-- RECORDS FOR THE EXERCISE follows --
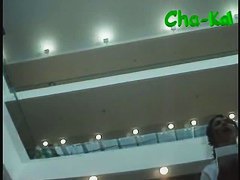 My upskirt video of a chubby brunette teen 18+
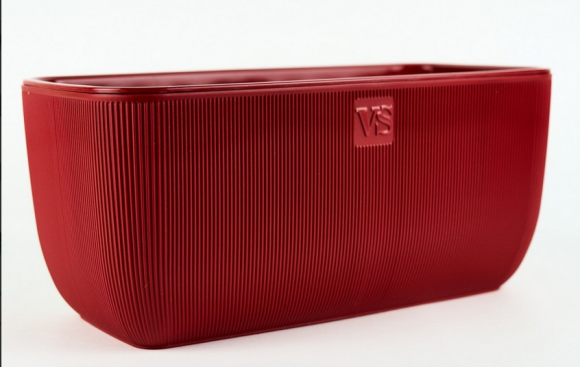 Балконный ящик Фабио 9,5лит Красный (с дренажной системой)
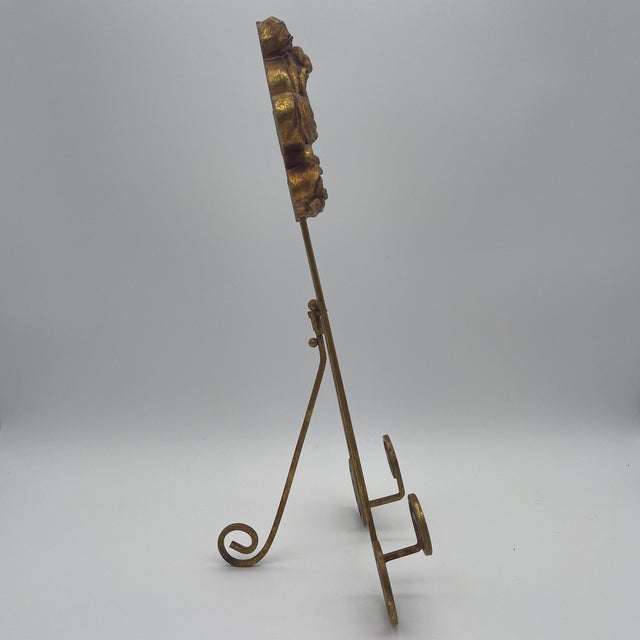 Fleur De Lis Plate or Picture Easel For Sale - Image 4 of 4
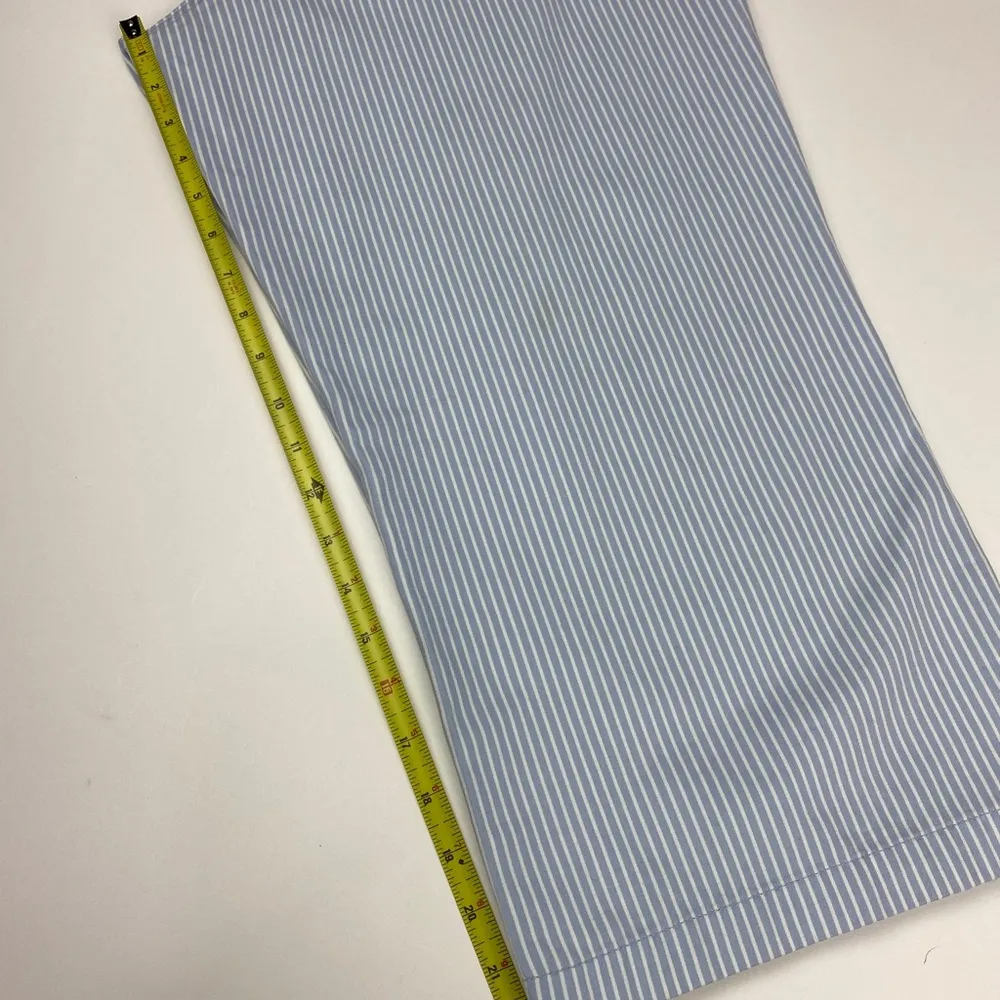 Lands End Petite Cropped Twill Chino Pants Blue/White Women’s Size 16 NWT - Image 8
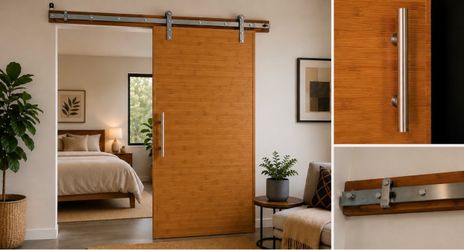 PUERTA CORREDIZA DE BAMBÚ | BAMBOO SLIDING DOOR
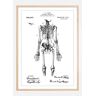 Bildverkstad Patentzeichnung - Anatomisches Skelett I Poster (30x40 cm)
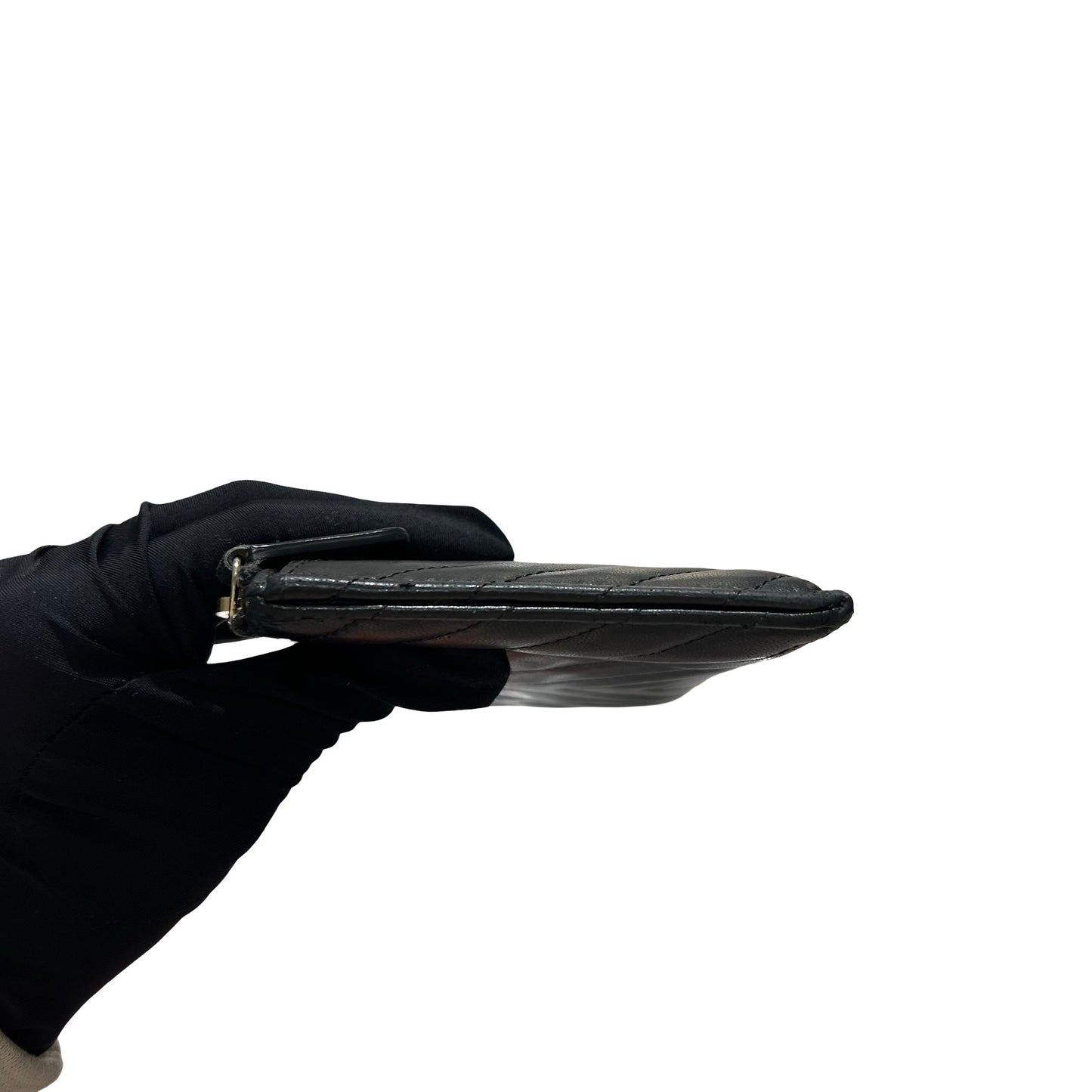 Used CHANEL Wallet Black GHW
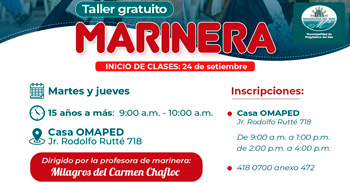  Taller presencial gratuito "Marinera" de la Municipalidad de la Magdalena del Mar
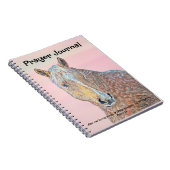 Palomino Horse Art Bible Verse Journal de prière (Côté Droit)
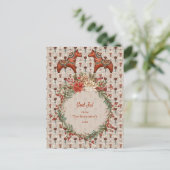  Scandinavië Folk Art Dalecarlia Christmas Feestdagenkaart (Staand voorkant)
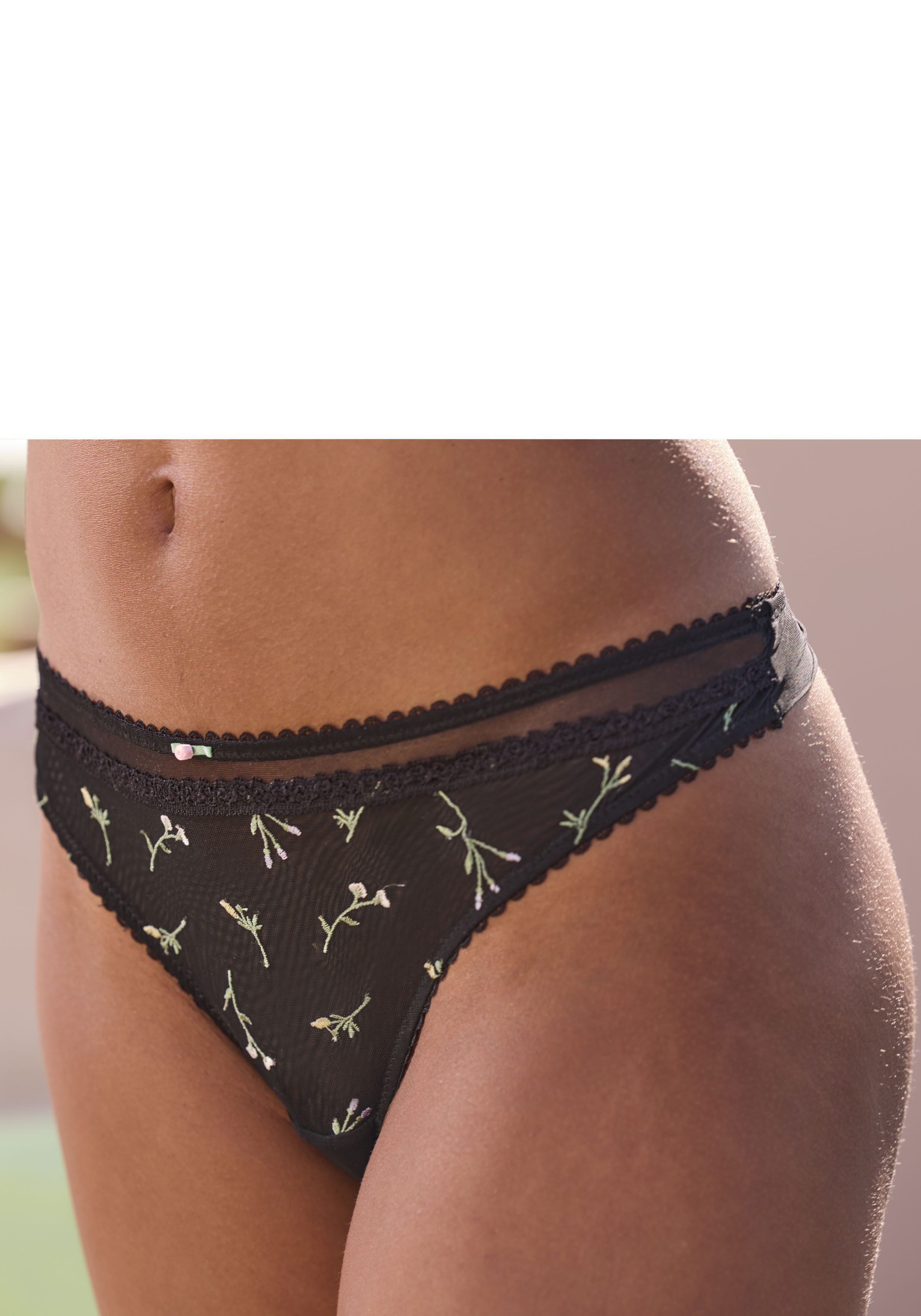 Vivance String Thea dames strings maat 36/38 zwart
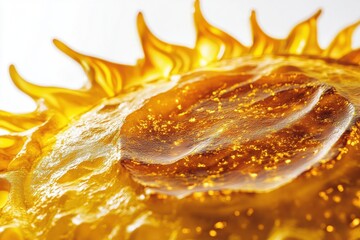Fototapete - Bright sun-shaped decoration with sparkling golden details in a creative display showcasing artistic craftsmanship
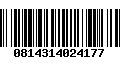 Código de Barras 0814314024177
-- RECORDS FOR THE EXERCISE concluded --
▶ WHAT IS REQUIRED
All of the records need repeating exactly, except for the pictures.

▶ PROBLEM SOLUTION
 My upskirt video of a chubby brunette teen 18+
 Балконный ящик Фабио 9,5лит Красный (с дренажной системой)
 Fleur De Lis Plate or Picture Easel For Sale - Image 4 of 4
 Lands End Petite Cropped Twill Chino Pants Blue/White Women’s Size 16 NWT - Image 8
 PUERTA CORREDIZA DE BAMBÚ | BAMBOO SLIDING DOOR
 Bildverkstad Patentzeichnung - Anatomisches Skelett I Poster (30x40 cm)
 Used CHANEL Wallet Black GHW
  Taller presencial gratuito "Marinera" de la Municipalidad de la Magdalena del Mar
 Palomino Horse Art Bible Verse Journal de prière (Côté Droit)
  Scandinavië Folk Art Dalecarlia Christmas Feestdagenkaart (Staand voorkant)
 Vivance String Thea dames strings maat 36/38 zwart
Fototapete - Bright sun-shaped decoration with sparkling golden details in a creative display showcasing artistic craftsmanship
 Código de Barras 0814314024177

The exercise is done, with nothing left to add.